Judges occasionally descend from the august pedestals on which they sit to offer decidedly human rebukes to the parties before them. Among attorneys, these moments have a tongue-in-cheek name: “bench slaps.”
At a September hearing, Judge Vince Chhabria of the U.S. District Court for the Northern District of California offered a candid appraisal of a claim for defamation brought by payroll service ADP against the benefits platform Zenefits (in a case known as ADP LLC v. YourPeople, Inc. dba Zenefits and Parker Conrad). A mere two pages in to a 64-page hearing transcript, Chhabria informed the counsel for ADP that:
“…the primary question in this case is whether the lawsuit will die a slow death or a fast death.”
Slow or fast, a case pronounced dead on arrival has the sting of a bench slap. In this case, the death came sooner still, in the form of a settlement between the parties. The reported terms of the settlement provide that the parties drop their claims against one another and, further, clarify that ADP has no reason to believe Zenefits has security problems with its software, while Zenefits has no reason to believe that ADP is unethical.
Now that that’s decided, it’s apparent that the second “slap” of note in the case – Zenefits’ anti-SLAPP motion – played a crucial role in changing the direction of the litigation.
The “SLAPP” in “anti-SLAPP” stands for “Strategic Lawsuits against Public Participation.” The law, in effect in California and 28 other states, allows a person or firm sued for exercising their free speech an opportunity to circumvent time-consuming and costly litigation and discovery, by requiring the party that initiated the lawsuit to satisfy certain threshold criteria before their case may proceed.
In the ADP v. Zenefits dispute, though not dispositive in the mind of Judge Chharbria, the legal leverage provided to Zenefits in the form of an anti-SLAPP motion changed the direction of the case. It provided the fast-growing startup with a powerful tool it could use to combat a claim the court believed had no chance of success.
But while California has a relatively broad anti-SLAPP law (subject to a commercial-speech exception that likely bears reconsideration), other states limit the circumstance in which an anti-SLAPP motion may be filed. That’s a problem, but more troubling still is that 22 states have no anti-SLAPP statute at all.
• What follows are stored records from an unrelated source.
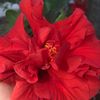 natalie_official08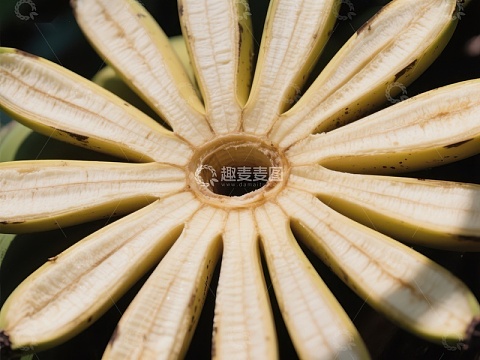 香蕉皮排列成花状的特写
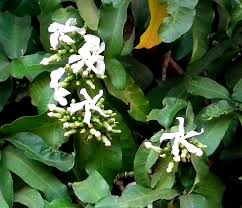 Image result for Tabernaemontana ventricosa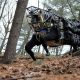 catastrophists-versus-accelerationists:-will-ai-destroy-the-world-or-save-it?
This case highlights the need for federal anti-SLAPP legislation. First Amendment protections should apply irrespective of the state in which one sits, as that leads to forum shopping. What’s more, the free market demands these protections. It takes little imagination to envision scenarios in which startups less established than Zenefits could have their fundraising efforts stymied or its business model choked out of existence by virtue of a meritless lawsuit.
Without the protections offered by anti-SLAPP statutes, both consumer and commercial interests are endangered by incumbent market participants that have the luxury of pursuing litigation as part of their business strategy.
As a member of the SPEAK FREE Coalition, we at R Street have been beating the drum for a federal anti-SLAPP law for a while now. Last week, I participated in a panel discussing the benefits of federal anti-SLAPP legislation. Today, my colleague Mike Godwin will appear on panel to discuss the specifics of legislation brought by Rep. Blake Farenthold, R-Texas.
As the ADP v. Zenefits suit demonstrates, the need for federal anti-SLAPP legislation is both real and immediate. What’s more, it falls squarely within the realm of achievable bipartisan agreement. The bench slaps that it will engender down the road only sweeten the deal.